==== RECORDS TO PROCESS
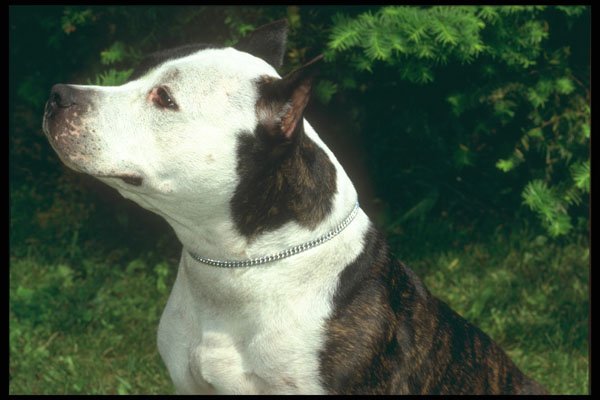 247072 American Staffordshire Terrier A4 Photo Print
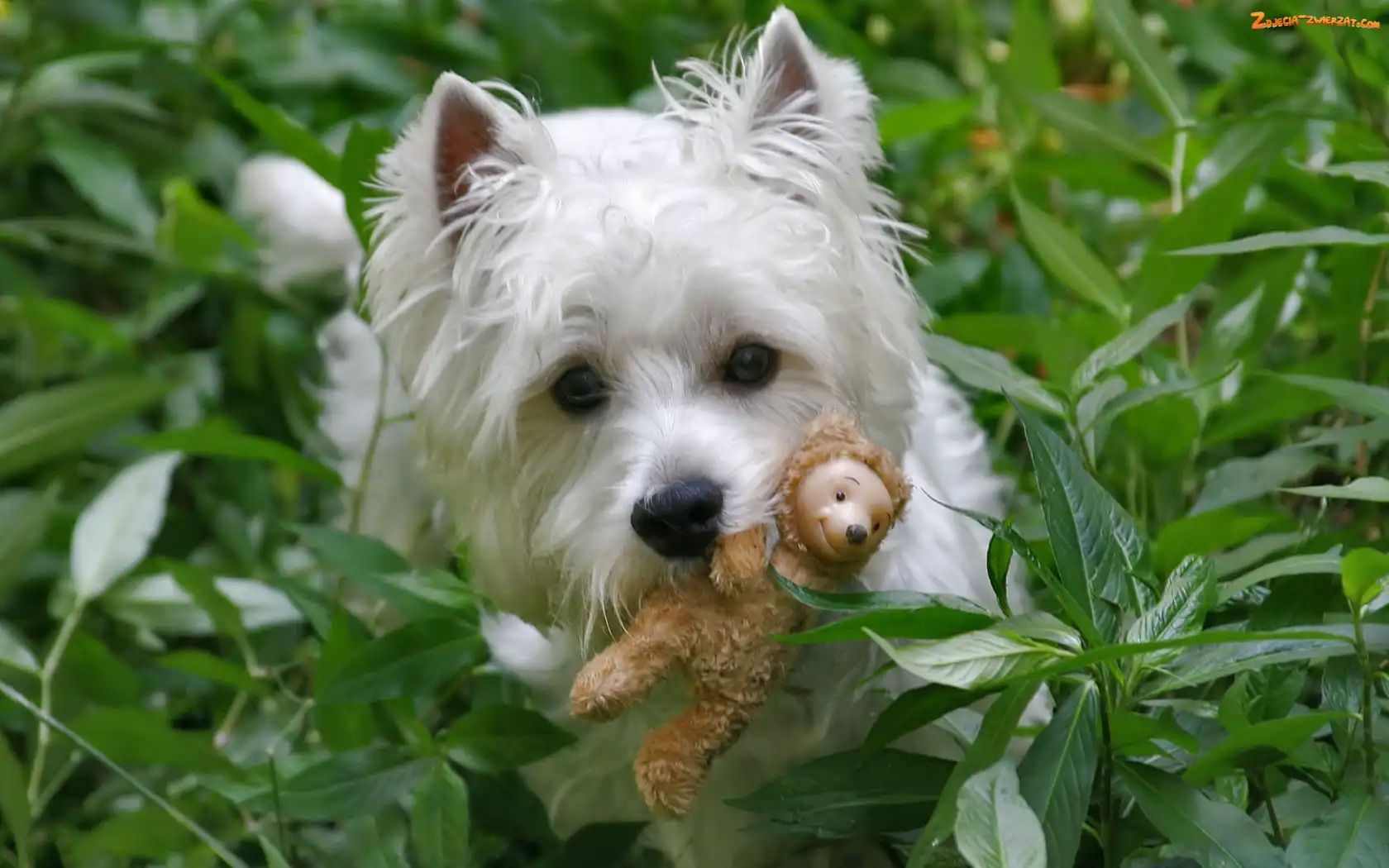 West Highland White Terrier, Zabawka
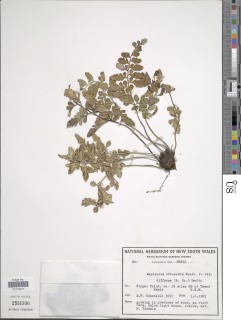 Asplenium obtusatum image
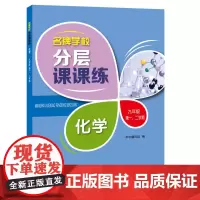 名牌学校分层课课练 化学 九年级第一、二学期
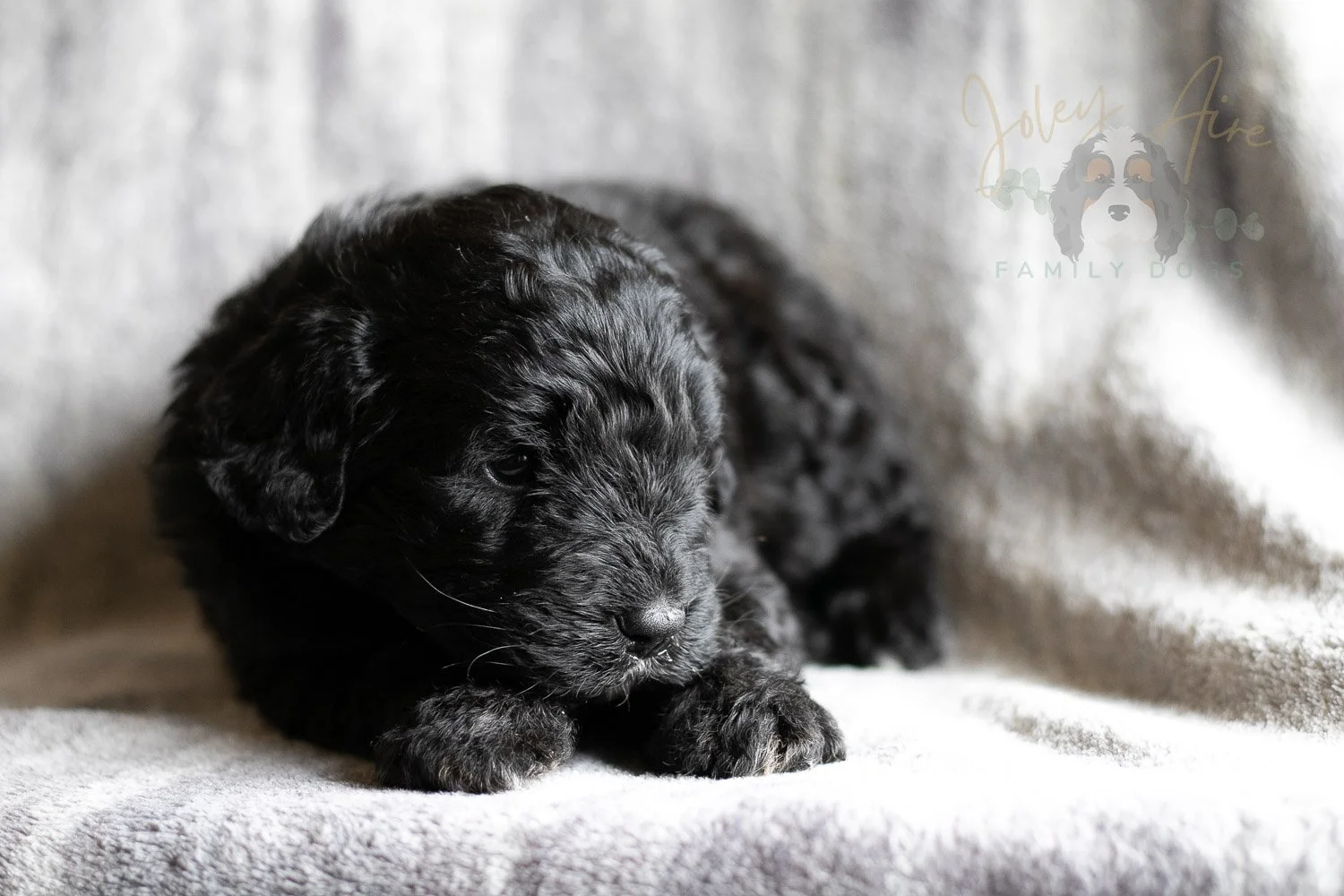 Claude Monet Bernedoodle Puppy-192.jpg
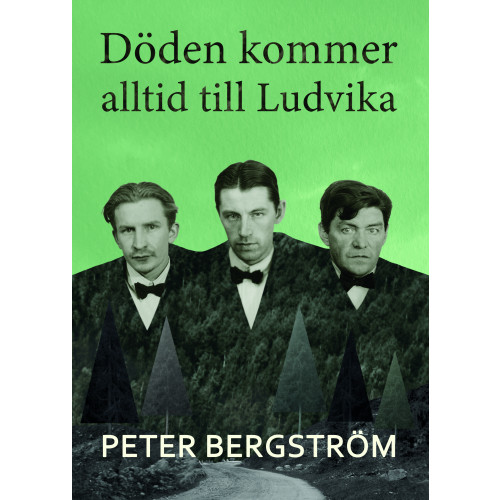 Peter Bergström Döden kommer alltid till Ludvika (inbunden)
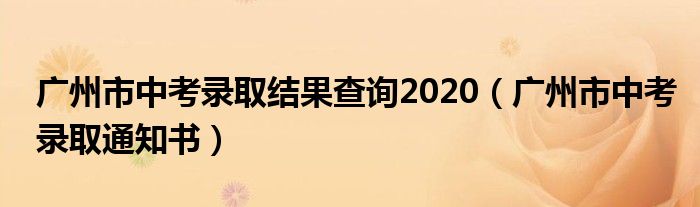 广州市中考录取结果查询2020（广州市中考录取通知书）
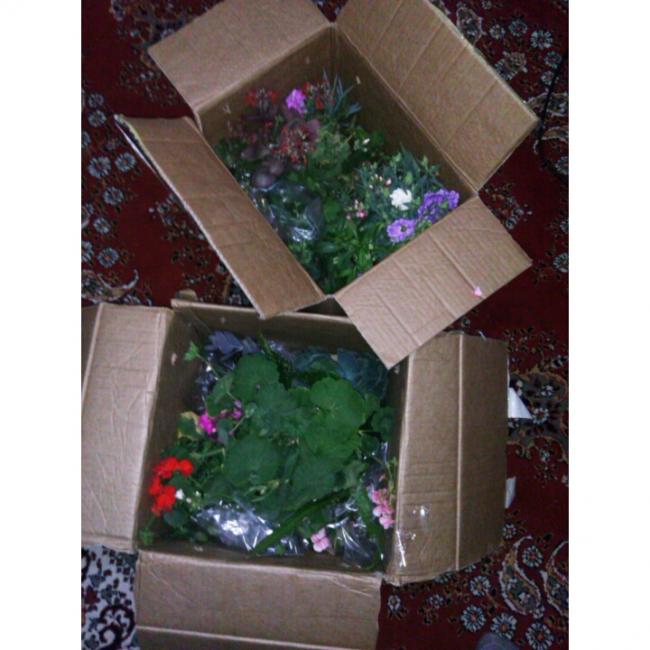 Name:  PhotoGrid_1431190162616.jpg
Views: 469
Size:  51.4 KB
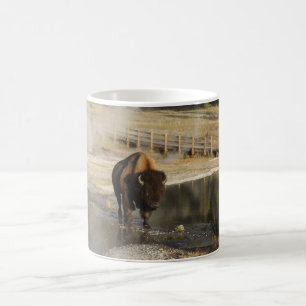 Mug American Bison Yellowstone Wildlife Photography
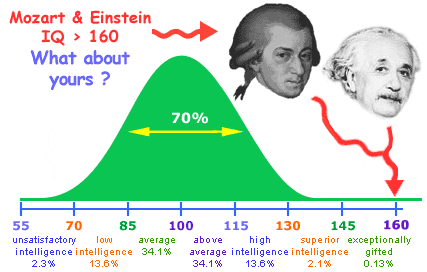 IQ Test Chart
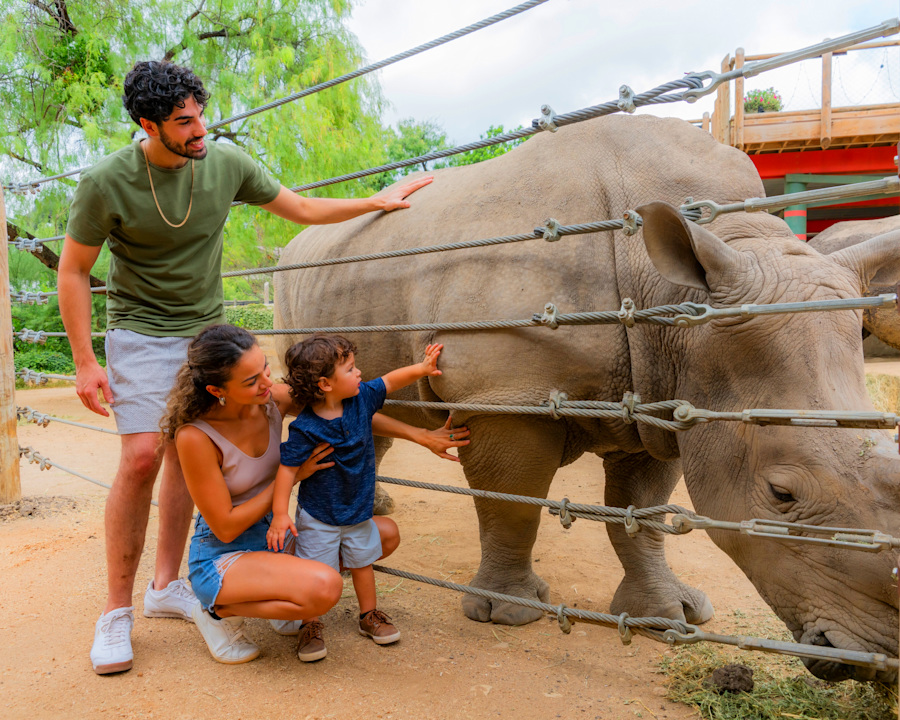 San Antonio Zoo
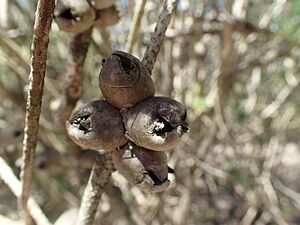 Calothamnus rupestris fruit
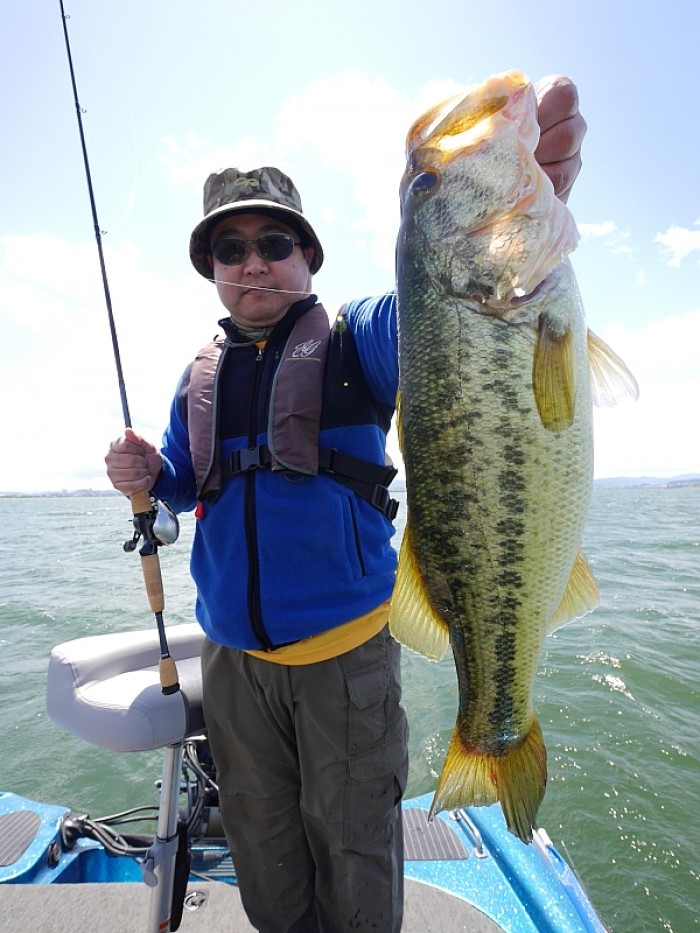 truth  ブログ写真 2017/06/02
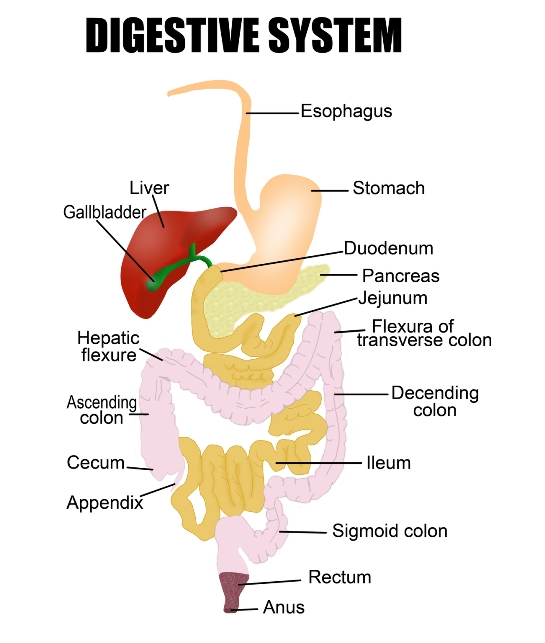 digestive system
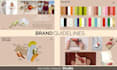 create professional brand guidelines and visual identity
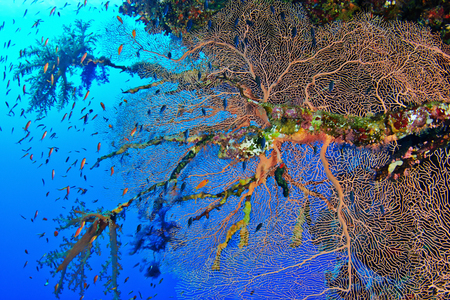Hickson's fan coral (Subergorgia hicksoni Kashman) in the Red Sea, Egypt.の写真素材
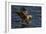 White Tailed Sea Eagle Hunting, North Atlantic, Flatanger, Nord-Trøndelag, Norway, August-Widstrand-Framed Photographic Print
========
_TASK REQUIREMENTS_:
Write out again, exactly, each line from the one containing "digestive system" through the last line of the entries, and omit every picture.

_RESPONSE AREA_:
 digestive system
 create professional brand guidelines and visual identity
Hickson's fan coral (Subergorgia hicksoni Kashman) in the Red Sea, Egypt.の写真素材
 White Tailed Sea Eagle Hunting, North Atlantic, Flatanger, Nord-Trøndelag, Norway, August-Widstrand-Framed Photographic Print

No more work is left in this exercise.